In Luke's writings we see something of the significance of the city. He of all the NT writers uses the word most often - 60% of all its occurences are in Luke-Acts which form 26% of the NT. So you can see how interested Luke is in the city.

But why such interest? Because it is where the Messiah will come to die to save his people (movement in Luke) and it is to be the place from which the gospel will be taken into all the world (movement in Acts). The people of Nehemiah's day couldn't have known the detail but this feast would have contributed to their sense of God's purposes for his world being focussed in this place.

And so it gave them hope for the future, a hope that we share in the gospel. The meal we share, which reminds us of those awesome events that took place just outside Jerusalem, points us with hope to God's glorious future, when Jesus returns.

iii) No Continuing City - But they were not to be complacent in that hope. Keeping the feast in all its detail reminded them that "here we have no continuing city". In their situation, having just completed the walls, the feast would warn them not to put their faith in walls but in the God who promised to be a wall of fire around his people, the builder of a better city. It would speak to them of the transitory nature of their life in this world.

We need similar reminders. We can live comfortably in this world and in essence that's ok, we ought to receive God's blessings with gratitude. But we must be careful; in this world we are "aliens and strangers".

We no longer belong to the world in its rebellion against God. We must be careful therefore to make sure that we put our trust firmly in God and not in the gifts he gives. This life is very transitory; only God and his kingdom will last. It is in him that we find our "solid joys and lasting treasures".

I'm sure they were proud of their achievement in rebuilding the wall in such a short time and we may be too of some of the things we've done.

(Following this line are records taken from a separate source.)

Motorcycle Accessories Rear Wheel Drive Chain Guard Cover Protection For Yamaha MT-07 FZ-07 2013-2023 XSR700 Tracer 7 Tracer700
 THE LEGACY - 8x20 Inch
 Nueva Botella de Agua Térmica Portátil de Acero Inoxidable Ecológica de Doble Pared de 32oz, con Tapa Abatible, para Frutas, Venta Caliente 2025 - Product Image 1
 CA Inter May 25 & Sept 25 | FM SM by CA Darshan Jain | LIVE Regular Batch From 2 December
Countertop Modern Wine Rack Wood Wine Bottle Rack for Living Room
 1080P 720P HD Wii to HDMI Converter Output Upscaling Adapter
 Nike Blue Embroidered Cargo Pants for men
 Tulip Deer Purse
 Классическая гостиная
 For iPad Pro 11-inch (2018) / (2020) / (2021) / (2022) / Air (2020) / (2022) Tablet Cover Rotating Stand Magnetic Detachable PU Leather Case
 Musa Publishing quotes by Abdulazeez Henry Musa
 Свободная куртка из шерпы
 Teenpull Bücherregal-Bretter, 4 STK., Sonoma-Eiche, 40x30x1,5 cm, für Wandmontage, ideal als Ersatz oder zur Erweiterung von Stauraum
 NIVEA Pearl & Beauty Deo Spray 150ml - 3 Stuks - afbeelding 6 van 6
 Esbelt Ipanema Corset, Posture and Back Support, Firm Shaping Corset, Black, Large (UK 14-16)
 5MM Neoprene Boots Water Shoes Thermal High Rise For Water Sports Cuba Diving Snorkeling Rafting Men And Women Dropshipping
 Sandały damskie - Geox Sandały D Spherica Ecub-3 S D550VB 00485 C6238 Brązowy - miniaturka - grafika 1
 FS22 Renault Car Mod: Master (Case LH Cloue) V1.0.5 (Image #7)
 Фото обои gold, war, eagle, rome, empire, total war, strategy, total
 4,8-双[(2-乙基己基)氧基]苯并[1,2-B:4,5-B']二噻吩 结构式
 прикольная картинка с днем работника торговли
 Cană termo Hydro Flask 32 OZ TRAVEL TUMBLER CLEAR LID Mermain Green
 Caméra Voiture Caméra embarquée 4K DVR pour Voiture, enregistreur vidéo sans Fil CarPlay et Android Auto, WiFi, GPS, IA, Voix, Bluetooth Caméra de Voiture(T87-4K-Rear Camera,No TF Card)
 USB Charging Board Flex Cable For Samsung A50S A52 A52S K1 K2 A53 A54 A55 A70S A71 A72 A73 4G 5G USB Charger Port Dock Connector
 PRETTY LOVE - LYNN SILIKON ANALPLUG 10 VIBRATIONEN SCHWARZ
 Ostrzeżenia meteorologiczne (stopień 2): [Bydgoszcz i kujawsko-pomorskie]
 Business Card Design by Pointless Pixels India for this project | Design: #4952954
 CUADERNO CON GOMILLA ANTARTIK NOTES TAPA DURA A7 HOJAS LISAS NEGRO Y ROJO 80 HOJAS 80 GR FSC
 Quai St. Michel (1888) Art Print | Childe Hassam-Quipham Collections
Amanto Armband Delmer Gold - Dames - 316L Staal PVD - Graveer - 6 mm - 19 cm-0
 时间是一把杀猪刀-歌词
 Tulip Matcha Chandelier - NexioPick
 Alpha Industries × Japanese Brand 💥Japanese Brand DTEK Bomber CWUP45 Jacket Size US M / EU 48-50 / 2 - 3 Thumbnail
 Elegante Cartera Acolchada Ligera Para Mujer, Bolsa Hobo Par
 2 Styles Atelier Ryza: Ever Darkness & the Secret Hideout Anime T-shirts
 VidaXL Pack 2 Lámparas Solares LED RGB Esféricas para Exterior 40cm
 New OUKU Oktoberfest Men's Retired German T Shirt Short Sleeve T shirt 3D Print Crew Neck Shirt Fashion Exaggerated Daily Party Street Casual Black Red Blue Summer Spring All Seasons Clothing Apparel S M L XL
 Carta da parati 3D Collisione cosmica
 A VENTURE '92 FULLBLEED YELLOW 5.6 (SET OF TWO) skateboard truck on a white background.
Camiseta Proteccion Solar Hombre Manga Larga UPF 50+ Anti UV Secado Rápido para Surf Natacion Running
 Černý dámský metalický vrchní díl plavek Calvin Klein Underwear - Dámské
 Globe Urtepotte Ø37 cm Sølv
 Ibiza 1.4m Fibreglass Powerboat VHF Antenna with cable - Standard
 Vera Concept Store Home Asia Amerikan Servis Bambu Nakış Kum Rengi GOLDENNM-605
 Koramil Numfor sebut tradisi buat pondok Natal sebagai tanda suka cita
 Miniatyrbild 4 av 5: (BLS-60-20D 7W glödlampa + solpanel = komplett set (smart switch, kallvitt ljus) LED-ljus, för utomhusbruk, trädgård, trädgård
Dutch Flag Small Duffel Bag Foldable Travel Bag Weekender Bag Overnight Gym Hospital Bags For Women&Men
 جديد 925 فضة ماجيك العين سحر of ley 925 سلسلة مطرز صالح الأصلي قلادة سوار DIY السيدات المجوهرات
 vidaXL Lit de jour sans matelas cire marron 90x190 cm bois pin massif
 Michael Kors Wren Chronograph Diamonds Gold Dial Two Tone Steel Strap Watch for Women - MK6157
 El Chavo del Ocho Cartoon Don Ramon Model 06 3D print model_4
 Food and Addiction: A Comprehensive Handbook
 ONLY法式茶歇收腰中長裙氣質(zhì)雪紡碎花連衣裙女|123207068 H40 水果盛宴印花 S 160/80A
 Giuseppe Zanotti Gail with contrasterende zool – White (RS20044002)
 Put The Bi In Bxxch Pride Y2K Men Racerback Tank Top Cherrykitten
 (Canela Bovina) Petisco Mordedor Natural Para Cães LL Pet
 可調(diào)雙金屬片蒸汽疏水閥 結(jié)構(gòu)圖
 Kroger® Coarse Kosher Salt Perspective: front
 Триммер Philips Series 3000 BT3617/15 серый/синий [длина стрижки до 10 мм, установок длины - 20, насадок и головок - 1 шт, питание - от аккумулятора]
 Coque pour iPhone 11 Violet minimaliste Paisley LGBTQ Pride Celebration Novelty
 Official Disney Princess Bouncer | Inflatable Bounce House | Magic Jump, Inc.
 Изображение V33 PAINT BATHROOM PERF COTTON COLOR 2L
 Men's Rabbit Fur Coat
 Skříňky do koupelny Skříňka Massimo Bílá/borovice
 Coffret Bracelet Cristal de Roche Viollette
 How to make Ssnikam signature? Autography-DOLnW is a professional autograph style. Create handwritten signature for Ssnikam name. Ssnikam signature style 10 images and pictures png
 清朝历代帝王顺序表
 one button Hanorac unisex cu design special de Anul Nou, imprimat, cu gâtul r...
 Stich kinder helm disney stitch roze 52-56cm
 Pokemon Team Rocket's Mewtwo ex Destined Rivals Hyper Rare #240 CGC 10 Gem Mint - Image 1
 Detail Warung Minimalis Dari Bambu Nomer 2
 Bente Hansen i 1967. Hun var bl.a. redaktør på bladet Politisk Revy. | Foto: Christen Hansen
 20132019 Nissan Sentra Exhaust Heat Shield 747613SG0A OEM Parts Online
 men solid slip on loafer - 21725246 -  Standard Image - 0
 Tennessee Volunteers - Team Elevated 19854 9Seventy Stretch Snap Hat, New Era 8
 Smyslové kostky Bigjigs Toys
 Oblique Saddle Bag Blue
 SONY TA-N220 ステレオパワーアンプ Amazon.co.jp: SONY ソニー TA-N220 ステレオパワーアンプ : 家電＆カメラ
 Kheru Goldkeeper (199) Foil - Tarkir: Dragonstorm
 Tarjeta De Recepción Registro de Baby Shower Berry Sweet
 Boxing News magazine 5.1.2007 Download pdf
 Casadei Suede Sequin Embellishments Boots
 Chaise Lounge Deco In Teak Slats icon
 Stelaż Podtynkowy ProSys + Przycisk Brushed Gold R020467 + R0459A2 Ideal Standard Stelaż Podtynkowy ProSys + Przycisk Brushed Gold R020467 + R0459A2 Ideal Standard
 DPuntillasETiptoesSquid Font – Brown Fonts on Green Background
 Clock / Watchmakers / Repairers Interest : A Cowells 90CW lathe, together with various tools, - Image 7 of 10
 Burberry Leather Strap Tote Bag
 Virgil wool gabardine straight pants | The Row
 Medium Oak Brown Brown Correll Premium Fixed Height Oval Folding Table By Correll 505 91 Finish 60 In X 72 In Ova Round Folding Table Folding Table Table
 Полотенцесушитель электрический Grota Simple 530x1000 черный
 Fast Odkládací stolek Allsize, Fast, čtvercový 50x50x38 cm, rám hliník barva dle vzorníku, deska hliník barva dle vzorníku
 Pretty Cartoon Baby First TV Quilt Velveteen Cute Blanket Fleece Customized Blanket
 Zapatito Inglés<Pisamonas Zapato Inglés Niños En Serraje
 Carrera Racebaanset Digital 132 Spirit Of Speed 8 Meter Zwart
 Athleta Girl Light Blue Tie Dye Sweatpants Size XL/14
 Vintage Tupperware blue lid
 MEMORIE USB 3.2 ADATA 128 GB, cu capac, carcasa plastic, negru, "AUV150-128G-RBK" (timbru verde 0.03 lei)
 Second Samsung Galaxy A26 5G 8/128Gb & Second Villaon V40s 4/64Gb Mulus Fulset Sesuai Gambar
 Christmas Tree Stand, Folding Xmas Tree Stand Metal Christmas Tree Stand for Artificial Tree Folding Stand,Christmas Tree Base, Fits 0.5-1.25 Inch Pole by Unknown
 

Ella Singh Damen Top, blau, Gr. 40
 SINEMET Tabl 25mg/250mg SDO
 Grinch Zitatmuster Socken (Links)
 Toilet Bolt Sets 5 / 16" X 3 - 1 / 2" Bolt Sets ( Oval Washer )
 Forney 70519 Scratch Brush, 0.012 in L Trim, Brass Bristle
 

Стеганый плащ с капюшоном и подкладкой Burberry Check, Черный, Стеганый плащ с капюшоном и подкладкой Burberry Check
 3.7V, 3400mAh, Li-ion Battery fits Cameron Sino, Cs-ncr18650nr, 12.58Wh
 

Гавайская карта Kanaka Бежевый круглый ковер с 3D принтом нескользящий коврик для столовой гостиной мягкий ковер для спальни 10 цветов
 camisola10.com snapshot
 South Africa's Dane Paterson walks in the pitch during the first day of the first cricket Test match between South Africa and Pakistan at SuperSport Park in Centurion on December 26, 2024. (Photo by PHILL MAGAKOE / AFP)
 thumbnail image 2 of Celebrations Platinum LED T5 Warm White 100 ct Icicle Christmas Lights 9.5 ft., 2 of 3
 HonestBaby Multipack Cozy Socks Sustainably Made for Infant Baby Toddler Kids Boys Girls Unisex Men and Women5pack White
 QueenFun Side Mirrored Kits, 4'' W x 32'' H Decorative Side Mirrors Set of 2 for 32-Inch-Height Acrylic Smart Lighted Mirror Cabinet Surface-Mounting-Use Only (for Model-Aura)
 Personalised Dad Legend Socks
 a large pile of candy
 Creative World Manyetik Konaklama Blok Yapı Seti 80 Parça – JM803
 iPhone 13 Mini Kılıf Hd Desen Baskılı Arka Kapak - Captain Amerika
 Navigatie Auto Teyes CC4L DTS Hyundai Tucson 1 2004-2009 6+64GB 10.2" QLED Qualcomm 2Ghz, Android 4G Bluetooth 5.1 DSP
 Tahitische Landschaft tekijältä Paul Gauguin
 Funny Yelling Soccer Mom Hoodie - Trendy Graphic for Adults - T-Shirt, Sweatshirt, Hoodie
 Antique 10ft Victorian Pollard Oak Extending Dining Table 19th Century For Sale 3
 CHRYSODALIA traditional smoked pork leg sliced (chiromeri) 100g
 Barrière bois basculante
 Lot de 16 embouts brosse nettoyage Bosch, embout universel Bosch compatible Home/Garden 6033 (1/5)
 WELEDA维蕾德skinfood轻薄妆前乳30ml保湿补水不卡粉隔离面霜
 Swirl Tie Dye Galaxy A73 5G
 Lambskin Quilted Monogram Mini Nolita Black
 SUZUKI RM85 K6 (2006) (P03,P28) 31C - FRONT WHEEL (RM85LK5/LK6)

But we must be careful. Our achievements are not a solid basis of hope for the future; God's faithfulness alone is.

3. The Joy of Doing the Word of God

The people obeyed God's word, straight away, and would know the blessing of doing so. But notice that their obedience was accompanied by great joy (v.17). That is how it should be in the Christian life. John reminds his readers that God's commands are not burdensome to us; rather, they are to be a delight for us, as they were to the psalmist in Ps.119.

That's not saying that obedience is not sometimes hard and costly. Invariably it is; we shouldn't expect it to be otherwise. But it is precisely as we embrace the demands of discipleship that we are able to share the joy of our Lord Jesus who "for the joy that was set before him, endured the cross, scorning its shame" (Heb. 12:2).

And where is Jesus now? That verse in Hebrews goes on to say that he "sat down at the right hand of the throne of God". He entered glory as the pioneer and perfecter of our faith. He calls us to walk the same path of discipleship, not simply with those of Nehemiah's day and other great heroues of the faith, but following him and with him as our sustaining guide.

We've heard God's word together. Will we be "doers also" of it? May he help us to honour him and to know his blessing and joy.